Further to “my last post on idling”:https://www.crookedtimber.org/archives/002293.html , I see “via Limited, Inc.”:http://limitedinc.blogspot.com/2004_08_08_limitedinc_archive.html#109202801859090687 that the French electricity company EDF are disciplining an employee (an economist who also happens to be a Lacanian psychoanalyst … only in France!) who has written a book — “Bonjour Paresse”:http://www.amazon.fr/exec/obidos/ASIN/2841862313/qid%3D1092057870/171-4684613-8604262 — on how to skive at work. The Belfast Telegraph “offers some top tips”:http://www.belfasttelegraph.co.uk/news/features/story.jsp?story=548650 :

bq. Skiving off is such an ugly expression. Much more preferable are terms such as ‘zero-tasking’ or ‘enabling real-time back-end utilisation’. For those interested in how to zero-task successfully, here are five hot tips:

bq. 1. Never walk down a corridor without a a document in your hands. People with documents in their hands look like hard-working employees heading for an important meeting.

bq. 2. Make sure you carry home lots of documents at night. This gives the impression you work much harder than you do.

bq. 3. Use your computer to look busy. Try “www.IShouldBeWorking.com”:http://www.ishouldbeworking.com/ or “www.BoredAtWork.com”:http://www.boredatwork.com/ for entertainment. The I Should Be Working site has a neat panic button that instantly transfers you to a more business-like page with one click.

bq. 4. Build huge piles of documents around your workspace as only top management can get away with a clean desk. Last year’s work looks just like this year’s – volume counts.

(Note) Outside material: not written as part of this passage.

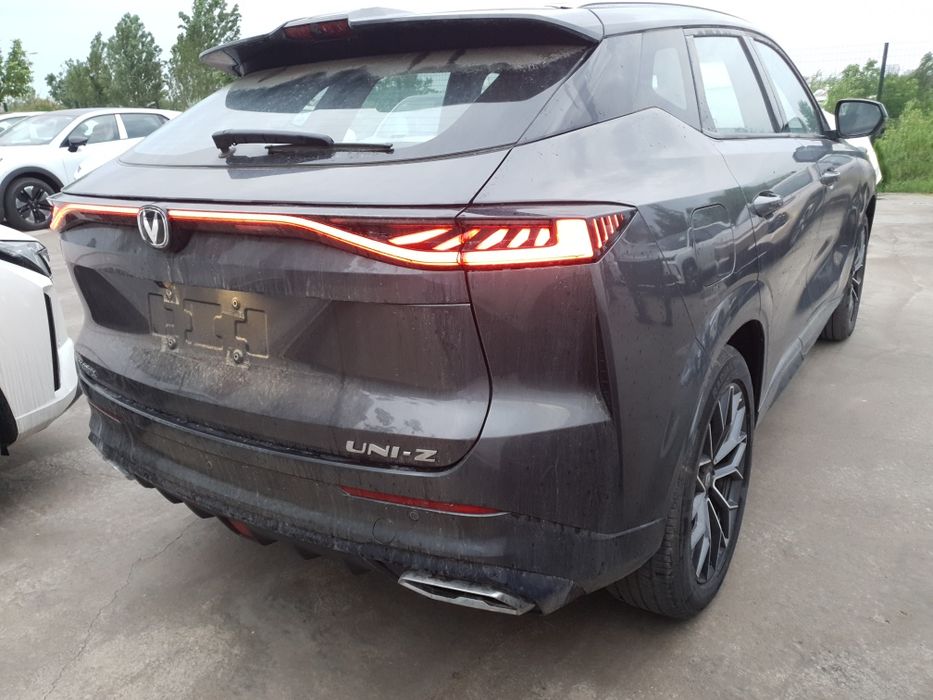 ChangAn Uni-z. Gibrid 2025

bq. 5. If you have voicemail on your phone, don’t answer it. Let the callers leave a message. Try to return the calls when you know the callers aren’t there. In the end they’ll try to find a solution that doesn’t involve you.

{ 8 comments }

1

a different chris 08.09.04 at 2:56 pm

My wife basically relies on an advanced version of #4, where she makes a big show of taking a folder off the right-hand pile, slowing paging through it with a mechanical pencil poised for action, then moving it to the left-hand pile.

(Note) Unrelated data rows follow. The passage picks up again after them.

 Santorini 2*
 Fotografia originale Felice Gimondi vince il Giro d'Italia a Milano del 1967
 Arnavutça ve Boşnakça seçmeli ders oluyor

Once the left-hand pile has gotten to be substantially larger than the right, and nobody is looking, she switches piles.

If she worked for me I would so fire her ass… :>

2

Ben 08.09.04 at 3:48 pm

#6 Work odd hours, and claim to go to lots of meetings away from your desk. Schedule these meetings, if they exist at all, at the time when your co-workers are most likely to need you. This means colleagues get dumped with work and you are plausibly able to claim no knowledge of ongoing projects (Copyright: My old boss)

#7 Be competent at your very core task and utterly useless at everything else (e.g. using any software), thereby making collagues push work, even your chores, elsewhere. (Copyright: My sales team)

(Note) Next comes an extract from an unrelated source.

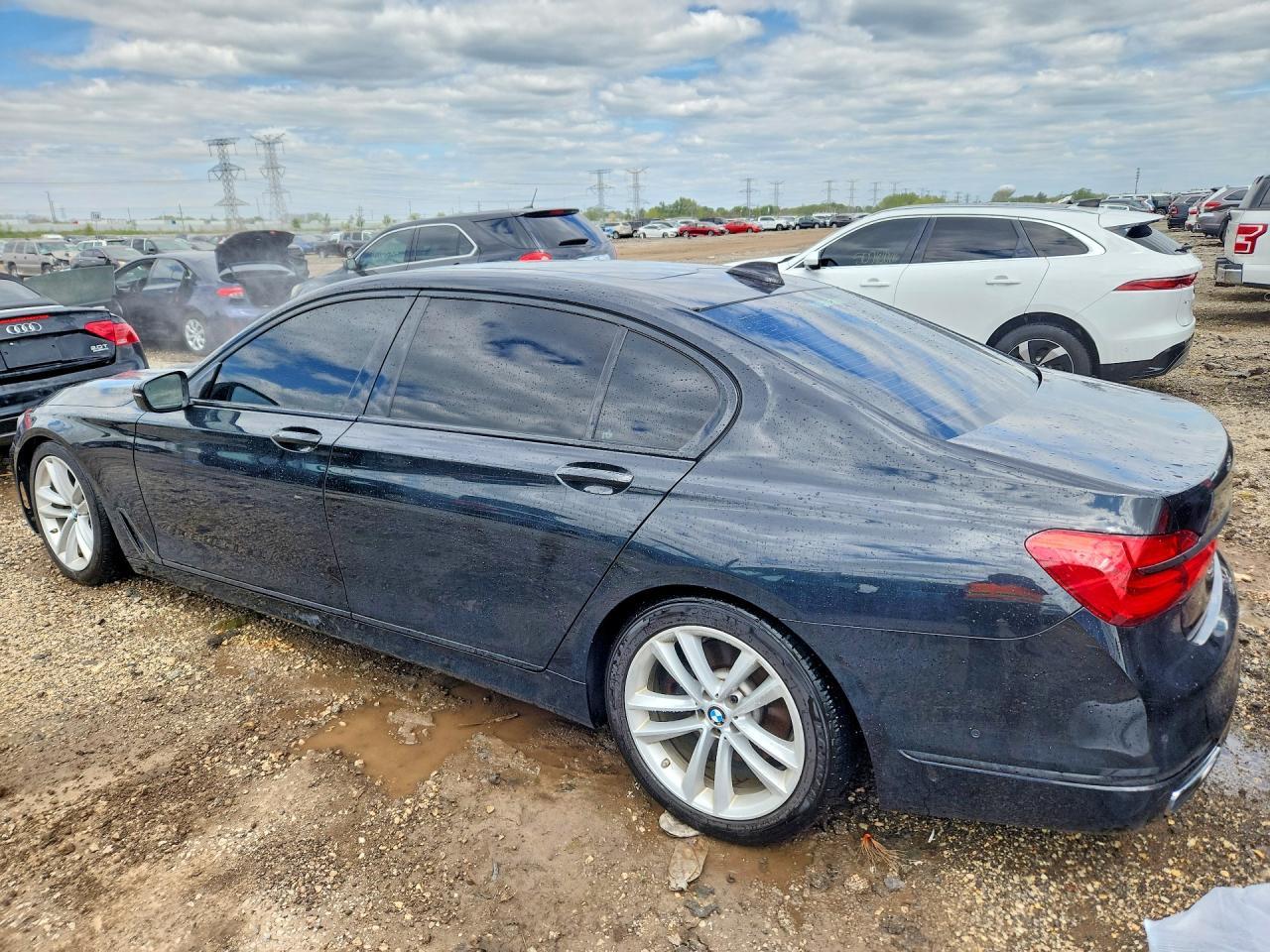 2018 BMW 750 Xi - Image 2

#8 Be mysterious about your role. This makes people respect you as a specialist, but enables you to turn away anything that isn’t your job. (Copyright: My old colleague)

3

Tim B. 08.09.04 at 4:33 pm

I’m reminded of an incident at work years ago. Steve and I had adjoining cubicles, and one morning I heard his phone ringing and ringing and ringing. When I couldn’t stand it any longer, I got up and peered around the partition. Steve was leaning back in his chair, fingers interlocked in his lap, and staring at the noisesome phone. “Steve,” I asked, “why aren’t you picking that up?” To which he casually replied: “If I answered it too quickly, they’d think I wasn’t doing anything.”

4

jimbo 08.09.04 at 5:24 pm

Number 1 was one of George Costanza’s standbys. He also was partial to the “when in a public area, let loose with a sigh” strategy – it makes you look put upon…

5

Telford 08.09.04 at 8:31 pm

EDP accuses her of “spreading gangrene through the system from within”.

LOL! I love it!

No, we Lacanian Maos are not dead.

6

Thlayli 08.09.04 at 11:13 pm

#9 Download a long comment thread (Atrios and Kevin Drum are the best sources for these). The comment windows easily stash under other applications, and as a bonus a check of the firewall logs will not show you constantly accessing the Interweb.

7

will 08.10.04 at 5:15 am

As I recall, the author of a book called Disciplined Minds was fired from Physics Today after admitting it was partially written during time at work.

8

anonregularreader 08.10.04 at 6:39 am

Guilty, guilty, guilty. Oh the shame.